First, let’s explain what these mites really represent and how they can harm our health.
They are small, microscopic organisms that live in our bed, bed linen and pillows, feeding with our dead skin cells and sweat, and which are rapidly breeding.
Also, they quickly throw out their excrement, up to 20 times a day. Scientists have confirmed that there are approximately 1.5 million mites on average in each bed. So do math: an average of 1.5 million mites that currently stay in your bed, 20 times a day, throw out dung (each gurney individually), and the result is really disgusting. This is the greatest danger to human health – their excrement.
What dangers are lurking?
It contains proteins that when inhaled or come into contact with our skin, the level of antibodies grows rapidly. Our body begins to release histamine when the number of our antibodies increases, and then the problems begin.
Swelling and redness can be caused by histamine, which is usually associated with allergies. You may begin to notice some of the following symptoms: red and teary eyes, nose bleeding, itching, fever, sneezing, coughing, and even breathing problems.
Some people who are very sensitive to these dust mites can get red bumps on the skin that itch. So, it is very important to know how to get rid of them and thus improve the overall health. How can we really get rid of dust mites? The solution is very easy and simple – you do not need to put your bed right after getting up!

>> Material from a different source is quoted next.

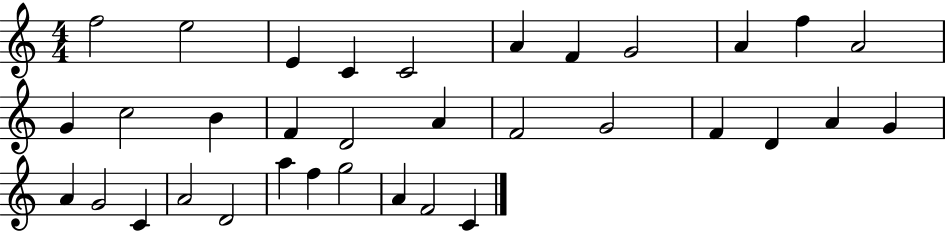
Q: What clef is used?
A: treble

Instead, open the window, unroll the bedding (if you are able to spray it and ventilate it), leave the door open to create a draft, then go to the bathroom to prepare for work …
When the mites are exposed to direct sunlight and fresh air, they do not have conditions for growth and development, thus their reproduction is prevented. If you don’t cover immediately the warm and damp bed after getting up, you will be able to do all that.
Scientists advise the bed to be left at night before bedtime, in a previously ventilated room. Change the cushions on the pillows and the sheets at least once every two weeks.
Once a month, you can brush your mattress with a saline solution or baking soda. Some people also practice trowel mats with tartaric acid, but because of the risk of unpleasant odor, we still prefer baking soda.
Also, it’s important to know the following: never lie down with wet hair, and after cleaning the mattress, make sure you dry it well before you lie down on it.